We present a numerical calculation of the Lee-Yang and Fisher zeros of the 2D Ising model using multipoint Padé approximants. We perform simulations for the 2D Ising model with ferromagnetic couplings both in the absence and in the presence of a magnetic field using a cluster spin-flip algorithm. We show that it is possible to extract genuine signature of Lee-Yang and Fisher zeros of the theory through the poles of magnetization and specific heat, using the multipoint Padé method. We extract the poles of magnetization using Padé approximants and compare their scaling with known results. We verify the circle theorem associated to the well known behavior of Lee-Yang zeros.
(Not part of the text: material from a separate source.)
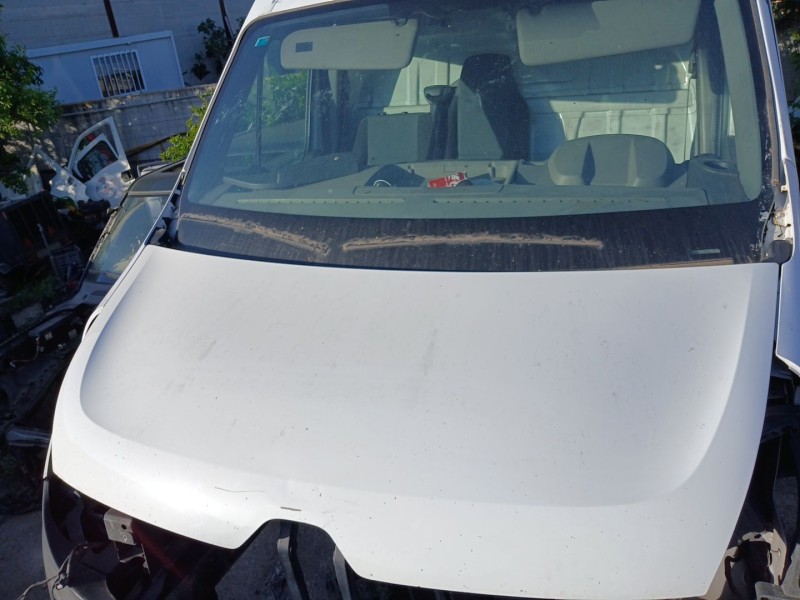 Recambio de capot delantero para renault master iii furgoneta (fv) 2.3 dci 125 fwd (fv0c, fv0d, fv0g, fv0h, fv0j, fv0k) referenc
We present our finite volume scaling analysis of the zeros done at T=Tc for a few lattice sizes, extracting to a good precision the (combination of) critical exponents βδ. The computation at the critical temperature is performed after the latter has been determined via the study of Fisher zeros, thus extracting both βc and the critical exponent ν. Results already exist for extracting the critical exponents for the Ising model in two and three dimensions making use of Fisher and Lee-Yang zeros. In this work, multipoint Padé is shown to be competitive with this respect and thus a powerful tool to study phase transitions.